Public interest law firm goes forward with threatened lawsuit
The University of British Columbia won’t let Andy Ngo speak because the Portland-based journalist “has been the target of violence in the past.”
That’s seriously the taxpayer-funded university’s explanation for banning a scheduled campus event with the vocal critic of so-called antifascists, some of whom physically assaulted Ngo as he covered a protest in Portland.
The Justice Centre for Constitutional Freedoms had warned UBC that it would sue if the university didn’t reinstate the Free Speech Club’s Jan. 29 event on Antifa violence. In response, UBC counsel Hubert Lai doubled down on the university’s submission to the heckler’s veto.
In a Jan. 8 letter made public by the center Monday, Lai noted that UBC’s stated commitment to “freedom of expression and academic freedom” in its space rental policy is overridden by its “obligation to maintain a safe environment for members of its community, and visitors to its premises”:
UBC respects the right to freedom of expression and will not discriminate in a manner prohibited by the British Columbia Human Rights Code. UBC reserves the right to ensure that any use of Bookable Space does not compromise UBC’s or the UBC community’s activities, as well as the safety and security of persons and facilities.

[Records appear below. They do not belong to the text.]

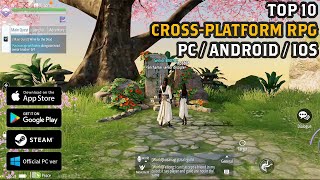 TOP 10 New Crossplatform RPG for Android  iOS  Mobile  PC 2024 [upl. by Ejroj77]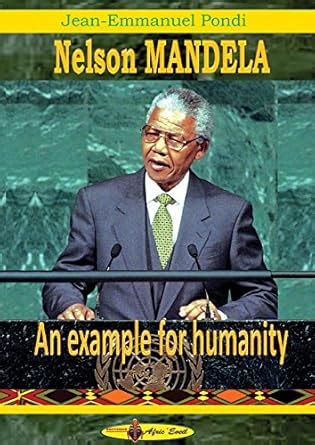 Nelson Mandela : An example for humanity (English edition) eBook ...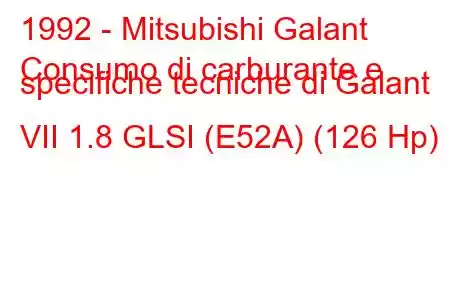 1992 - Mitsubishi Galant
Consumo di carburante e specifiche tecniche di Galant VII 1.8 GLSI (E52A) (126 Hp)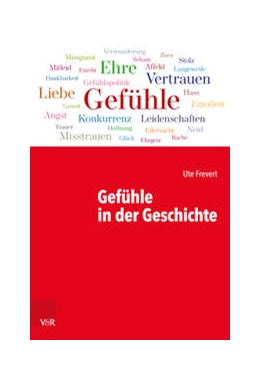Abbildung von Frevert | Gefühle in der Geschichte | 1. Auflage | 2021 | beck-shop.de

UBC has been increasingly targeted with protest and disruption of campus events in recent months, including physical pushing, intimidation by mask-wearing protesters, vandalism, release of “noxious substances” and plain-old disruption of speakers, Lai wrote.
Ngo is simply too juicy a target for such thugs, the lawyer continued: “As you are aware, Mr. Ngo has been the target of violence in the past.” The university is “legally entitled to manage access to its property in the same way as any other property owner.”
(Strangely, Lai’s letter refers to UBC President Santa Ono – the original recipient of the center’s legal threat letter – as “Professor Ono,” implying the center issued the threat to an irrelevant academic. Ono himself identifies first as president and vice chancellor.)
The Free Speech Club’s lawyers at the center said Monday that they would be “proceeding with legal action” against the university, which has still not informed the group of any specific threat directed against the event.
Angelo Isidorou, director of the Free Speech Club, shamed the university for “telling the world that free speech doesn’t matter” and making clear it does not respect its own “policies founded on freedom of expression.”
Center lawyer Marty Moore said the refusal to reinstate the event “effectively punishes a victim of violence by banning him from speaking at UBC, in what appears to be an attempt to appease the violent group Antifa.”